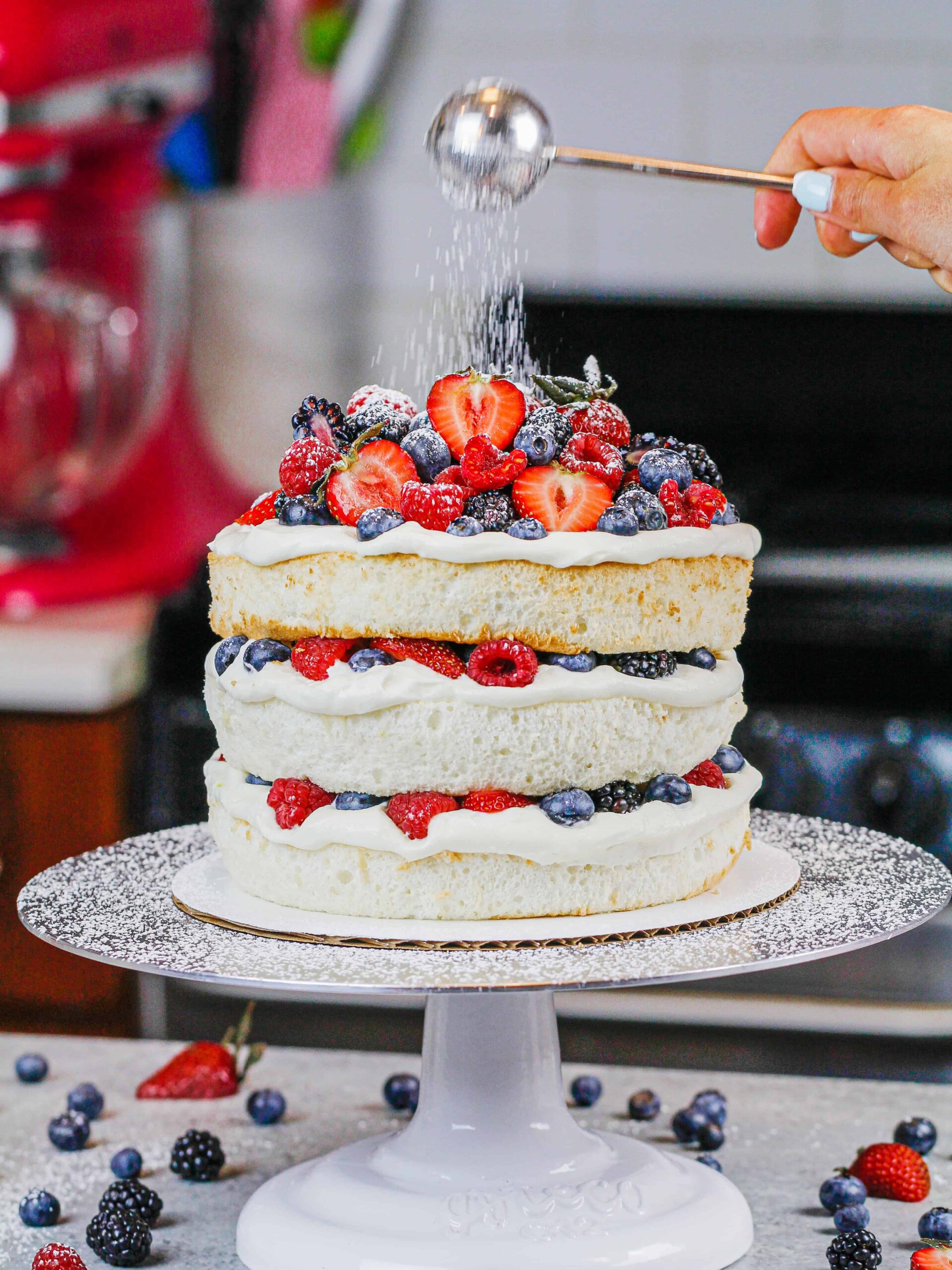 image of a layered angel food cake decorated with fresh berries and dusted with powdered sugar
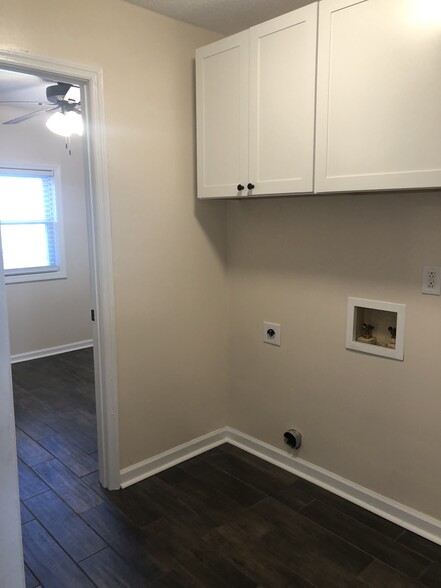 Laundry hook ups are located in the hallway. New cabinets added for additional storage. - 357 E Main St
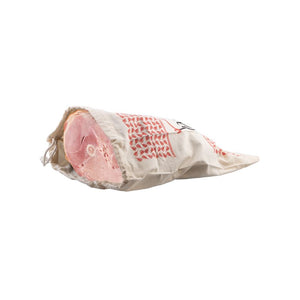 Leg of ham shown in the Appetito Ham Bag with drawstring closure.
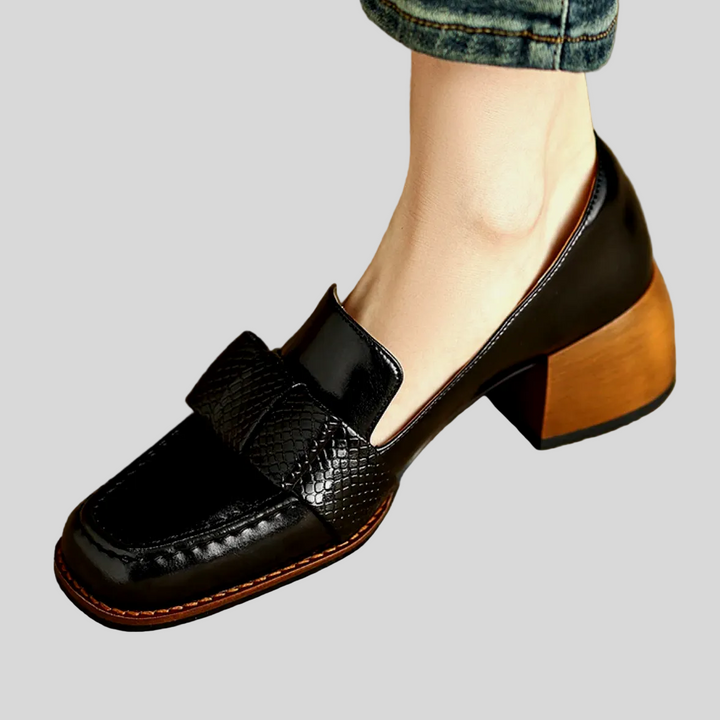A woman wearing classic loafers with a subtle knot detail and tailored trousers
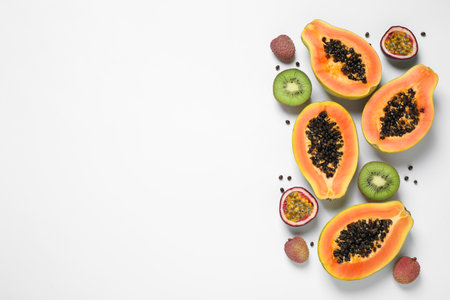 Fresh ripe papaya and other fruits on white background, top viewの写真素材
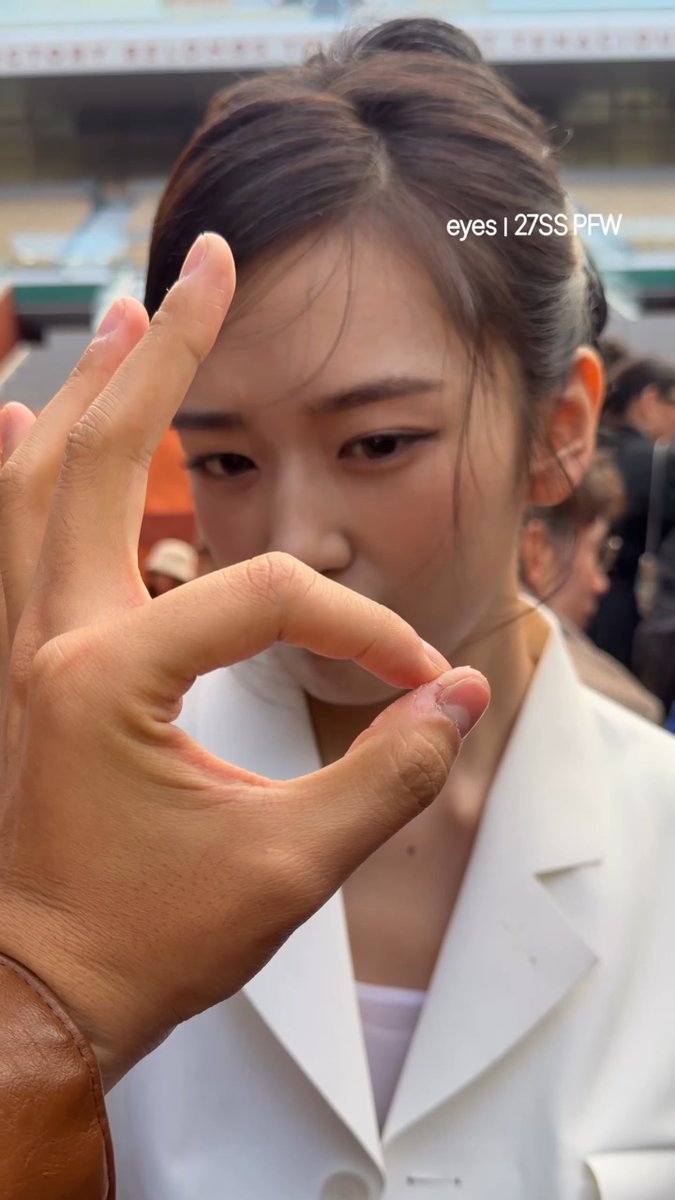 A young woman wearing a white blazer makes an 'OK' hand gesture near her face, with the text 'eyes | 27SS PFW' visible on the screen.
★ ★ ★ ★
[REQUIREMENT]
Skip all pictures. Write out only the lines from the one containing "Leg of ham shown" to the end of the listing above, inclusive, exactly as given.

[ANSWER BOX]
 Leg of ham shown in the Appetito Ham Bag with drawstring closure.
A woman wearing classic loafers with a subtle knot detail and tailored trousers
 Fresh ripe papaya and other fruits on white background, top viewの写真素材
 A young woman wearing a white blazer makes an 'OK' hand gesture near her face, with the text 'eyes | 27SS PFW' visible on the screen.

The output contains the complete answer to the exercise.